One Medical gave ineligible people the COVID-19 vaccine

San Francisco-based health care provider One Medical has come under fire in California, Oregon and Washington for allegedly vaccinating young, healthy people who were not eligible for the COVID-19 vaccine, including friends and family of business leaders. and skipped the line for high-risk patients, according to research by NPR.

According to NPR, One Medical offered the vaccine to all of its San Francisco County employees, regardless of whether they saw the patients in person.

“In addition, according to local guidelines, One Medical patients who were not eligible for vaccination were allowed to make vaccination appointments through an online portal,” said NPR. “So did at least one executive from a partner organization with One Medical. Internal communications indicate that providers are trying to get eligible health professionals vaccinated, but are instead being told to put them on a waiting list.”

One Medical is a healthcare provider known for its personal “concierge service” that accepts a variety of insurance plans and costs $ 199 annually to join. They have offices in a dozen cities and several in San Francisco.


As a result of the alleged misconduct, the San Francisco Department of Public Health stopped allocating vaccines to the One Medical offices in the city and asked the provider to return 1,600 vaccine doses. “Although your answer lists 984 of these doses for DPH walk-in and the remaining 636 doses for an ‘Oracle Park Mass Vaccine Launch,’ none of these uses are currently authorized by DPH,” the department wrote in a letter to One Medical that was shared with ABC 7

The department allows One Medical to administer all second doses of the COVID-19 vaccine to patients awaiting their final inoculation.

The letter also stated that the department will contact One Medical “when we are ready to assign additional doses to One Medical for administration at a future date.”

KCBS Radio reported that Alameda County also stopped its supplies to One Medical and that Washington State was pulling its vaccine deliveries from the state’s supplier offices.
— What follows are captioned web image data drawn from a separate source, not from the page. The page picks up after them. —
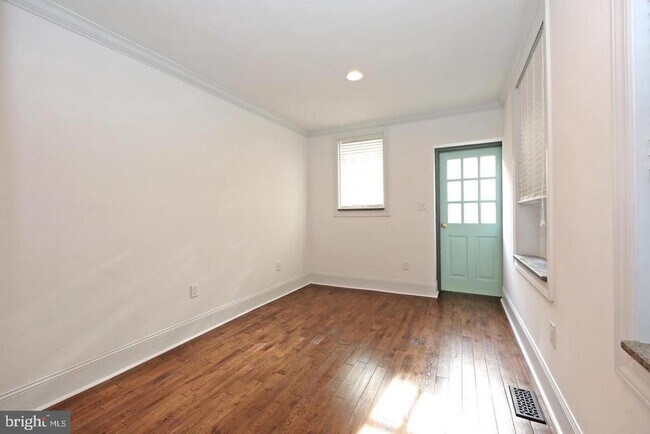 Building Photo - 130 W Laurel St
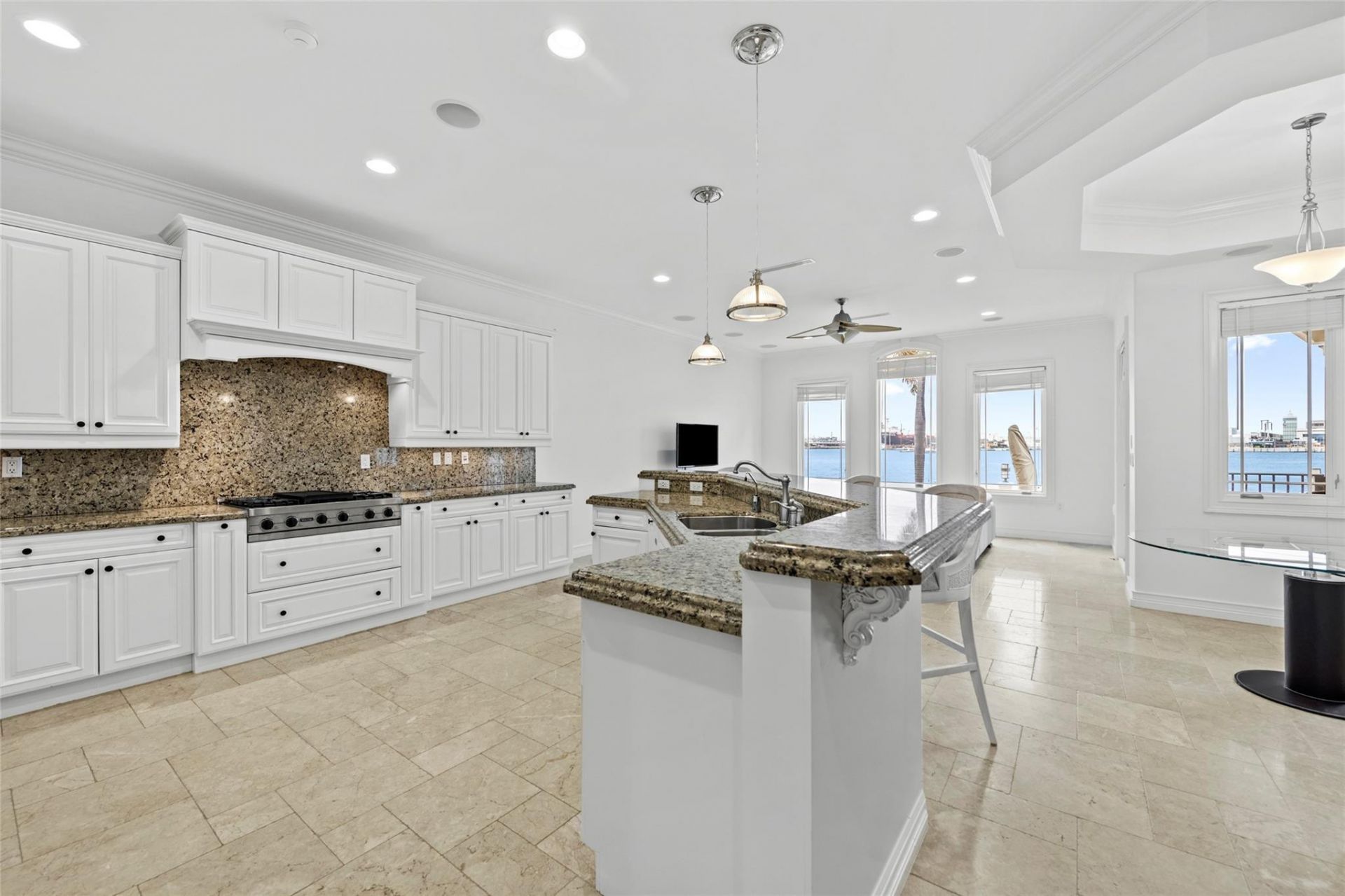 1965 SE 21st Avenue, Fort Lauderdale, FL 33316 Photo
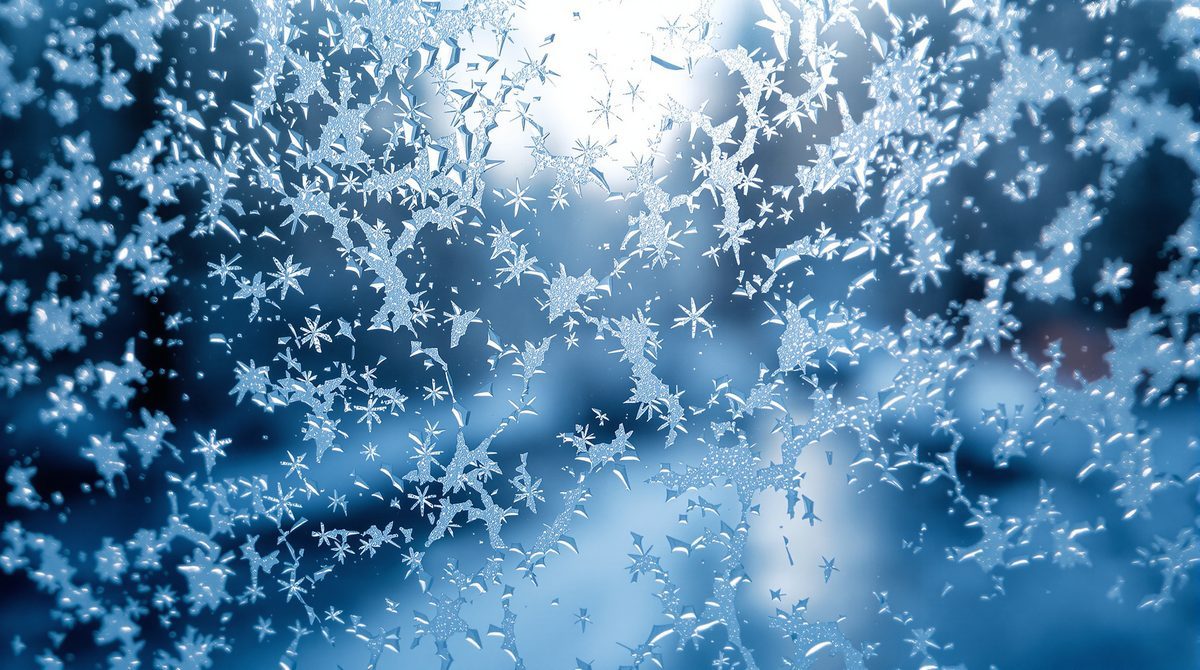 Eiskristalle auf Glas als Symbol für den Frostschutz-Einsatz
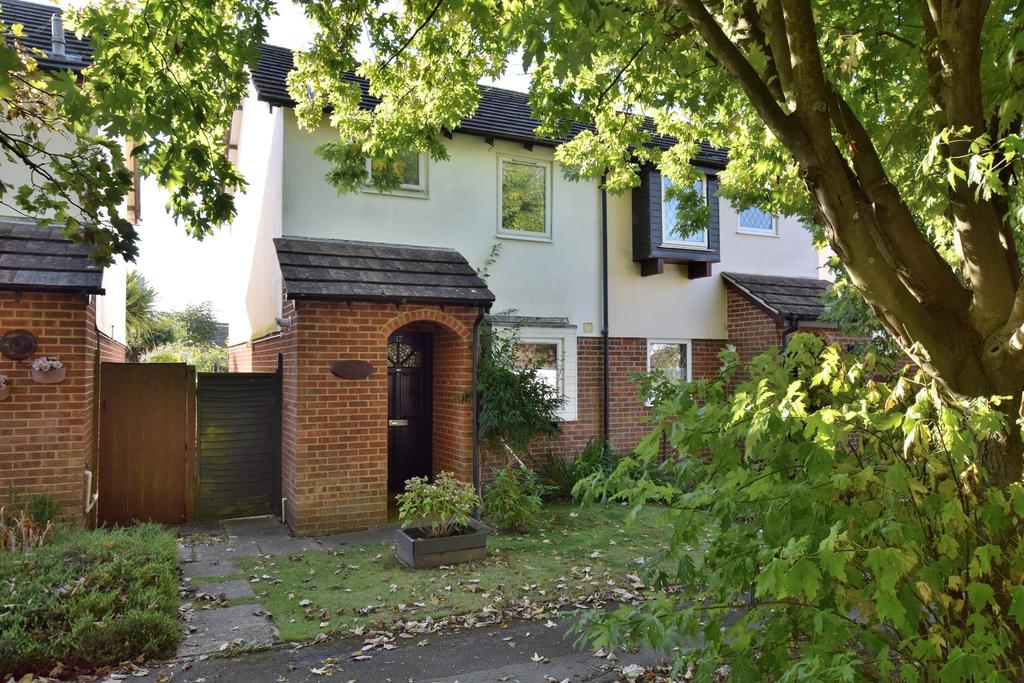 Arundel Close, New Milton, Hampshire. BH25 5UH 2 bed end of terrace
One Medical has released a statement following the NPR report. “Any claims that we generally and knowingly ignore the authorization guidelines are in direct contradiction to our actual approach to vaccine administration,” the statement said. “We have numerous checkpoints – online at the time of booking an appointment, prior to the appointment through a labor-intensive ‘schedule scanning’ process, and personal verification at the point of care if required – to prevent misuse of our vaccine booking system. people who do not meet the eligibility criteria Our data currently shows that nationally 96% of individuals vaccinated by One Medical have eligibility documentation and the remaining 4% are generally vaccinated in accordance with zero-waste protocols. “

The San Francisco Department of Public Health, the Alameda County Health Department, and the California Department of Public Health did not immediately respond to requests for comment on this story. The story will be updated as soon as we hear it.